> **Data to process**:
╔══

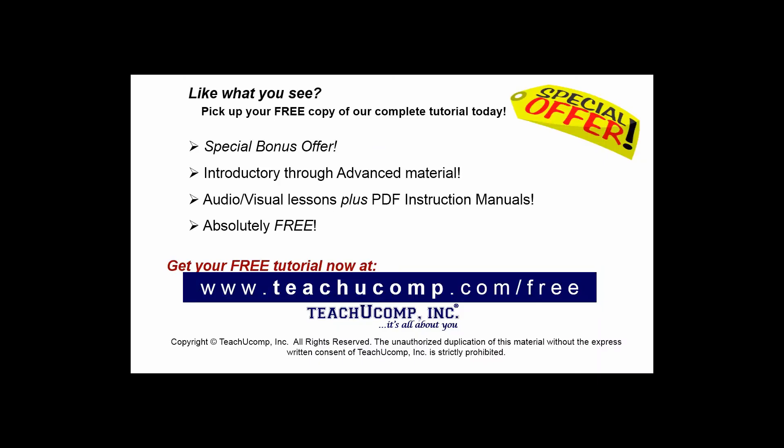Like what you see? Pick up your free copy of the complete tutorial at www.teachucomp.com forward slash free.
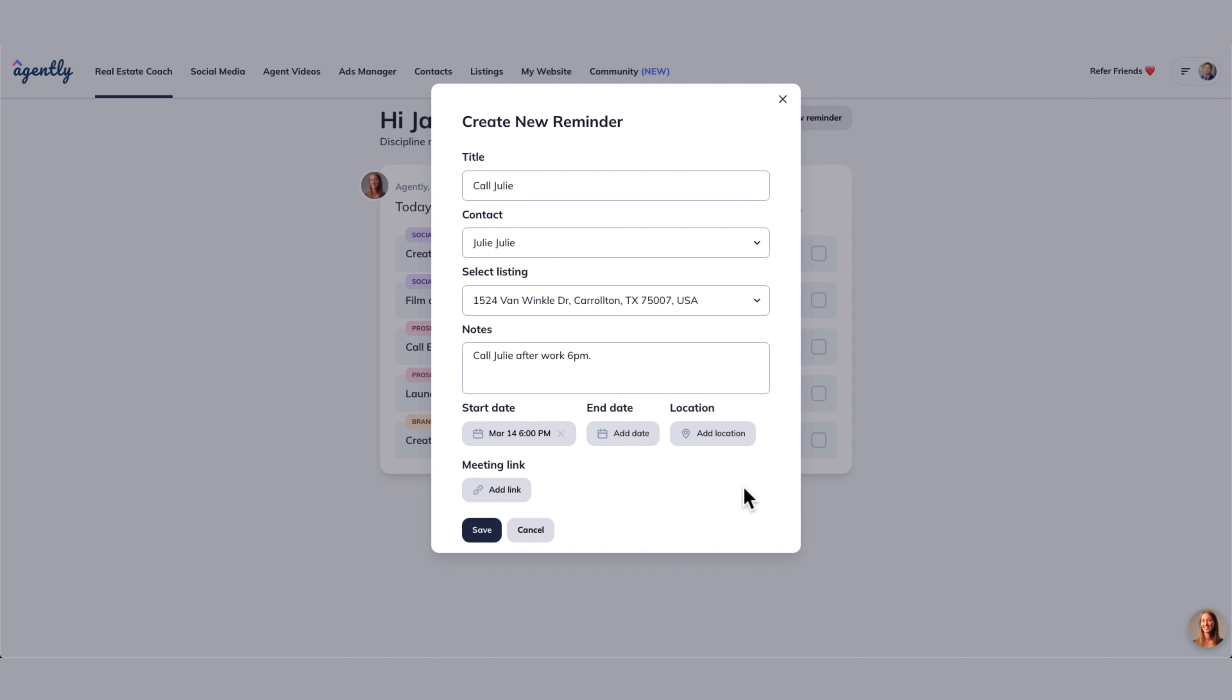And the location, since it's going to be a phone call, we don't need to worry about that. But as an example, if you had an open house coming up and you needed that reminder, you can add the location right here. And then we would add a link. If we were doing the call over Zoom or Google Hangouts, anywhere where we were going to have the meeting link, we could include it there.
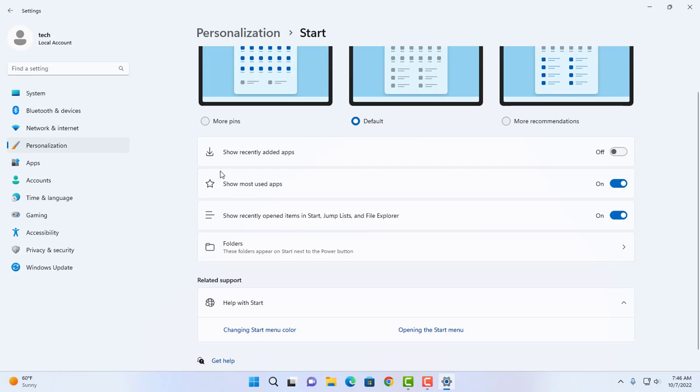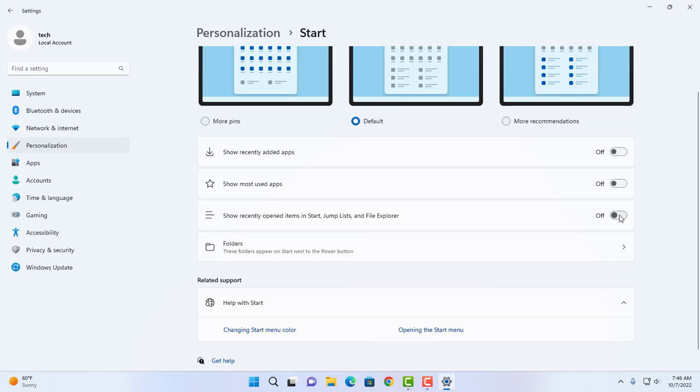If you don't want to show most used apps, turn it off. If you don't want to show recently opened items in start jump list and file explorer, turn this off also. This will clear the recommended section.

╚══
╔══

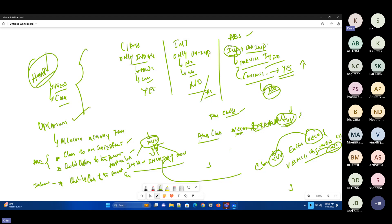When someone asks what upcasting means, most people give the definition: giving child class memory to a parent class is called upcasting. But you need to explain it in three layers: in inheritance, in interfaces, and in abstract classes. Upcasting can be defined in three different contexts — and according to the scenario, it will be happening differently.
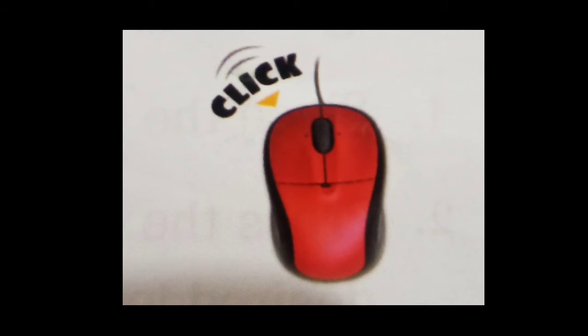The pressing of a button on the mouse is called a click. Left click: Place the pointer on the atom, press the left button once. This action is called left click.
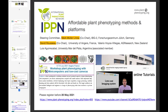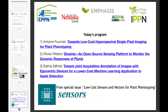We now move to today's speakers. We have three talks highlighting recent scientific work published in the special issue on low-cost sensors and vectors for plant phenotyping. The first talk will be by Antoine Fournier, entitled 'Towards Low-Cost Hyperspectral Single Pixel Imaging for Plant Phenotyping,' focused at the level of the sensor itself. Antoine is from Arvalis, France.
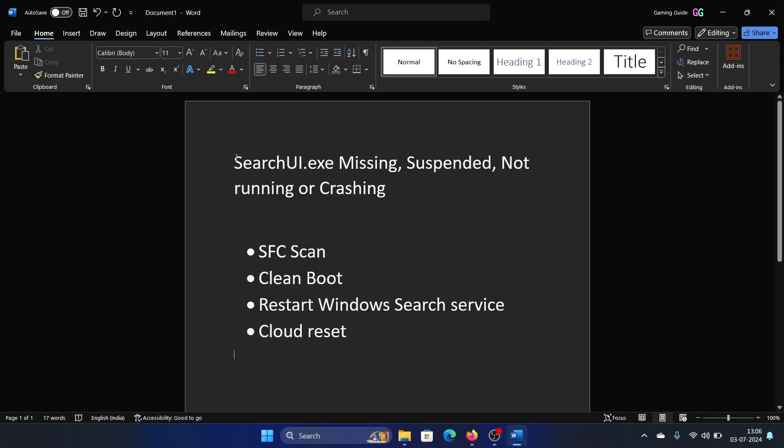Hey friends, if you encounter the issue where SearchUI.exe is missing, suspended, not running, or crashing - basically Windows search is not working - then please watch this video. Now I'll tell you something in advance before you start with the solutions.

╚══

> **Your instructions**: Pictures in the entries do not go into the copy. Print only the lines starting at the one containing "When someone asks" and ending at the one containing "Hey friends, if", exactly as they appear.

> **Exercise answer**:
When someone asks what upcasting means, most people give the definition: giving child class memory to a parent class is called upcasting. But you need to explain it in three layers: in inheritance, in interfaces, and in abstract classes. Upcasting can be defined in three different contexts — and according to the scenario, it will be happening differently.
The pressing of a button on the mouse is called a click. Left click: Place the pointer on the atom, press the left button once. This action is called left click.
We now move to today's speakers. We have three talks highlighting recent scientific work published in the special issue on low-cost sensors and vectors for plant phenotyping. The first talk will be by Antoine Fournier, entitled 'Towards Low-Cost Hyperspectral Single Pixel Imaging for Plant Phenotyping,' focused at the level of the sensor itself. Antoine is from Arvalis, France.
Hey friends, if you encounter the issue where SearchUI.exe is missing, suspended, not running, or crashing - basically Windows search is not working - then please watch this video. Now I'll tell you something in advance before you start with the solutions.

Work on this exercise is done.